There is a considerable price range in washing machines, and that, plus the list of features, is the main purchasing criteria.  However, if we look at the whole life cost of one of these machines, the decision as to which one to buy could be different.  There is a huge variation in build quality, and thus expected life of the machine, and also the energy used to run the machine.  As an example, average annual running costs can vary between £40 and £60 in terms of energy and water used.

Most machines available today are at least ‘A’ rated, but there are several machines with multiple pluses after the ‘A’ which use much less energy, and therefore have lower associated carbon emissions.
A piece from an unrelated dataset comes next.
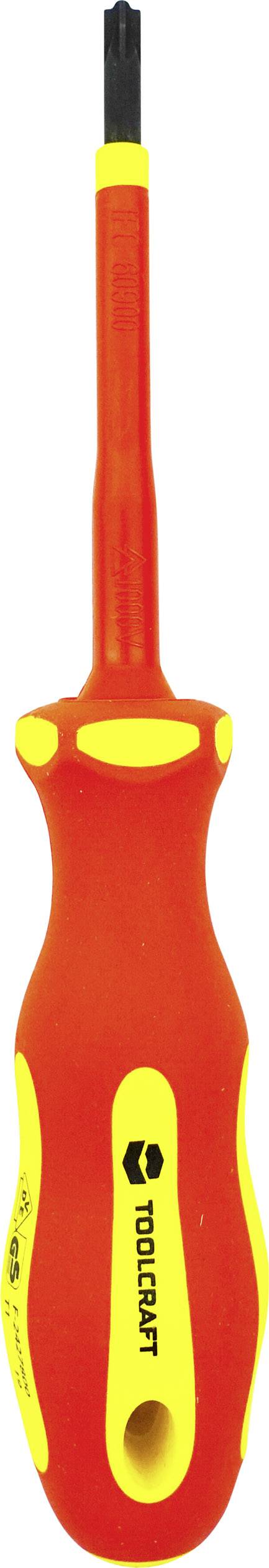 VDE plusz/mínusz csavarhúzó SL/PZ1, penge hossz: 80 mm, Toolcraft TO-6326247 2. kép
Overall, you could be forgiven for thinking that there is not an enormous difference in running costs as stated, but a cost which is not so obvious relates to the design life of the machine – as an example, you might have to allow for the price of 2 or 3 Hotpoint machines in the life of 1 Miele or Siemens machine.  Also, with some of the cheaper machines you will have to pay a high price to extend the warrantee beyond 1 or 2 years, whereas a Siemens machine, for example, comes with a free 5 year warrantee.

Tumble Dryers

Clearly, the lowest carbon method of drying washing is air drying, either outside if you are confident enough to risk the weather, or inside if you have the space and time – an old fashioned Sheila Maid is excellent for this, especially if you have high ceilings.  That said, many people are forced to opt for the tumble dryer at least some of the time. As a running cost comparison, annual cost can vary between £27 and £91 for the same amount of drying.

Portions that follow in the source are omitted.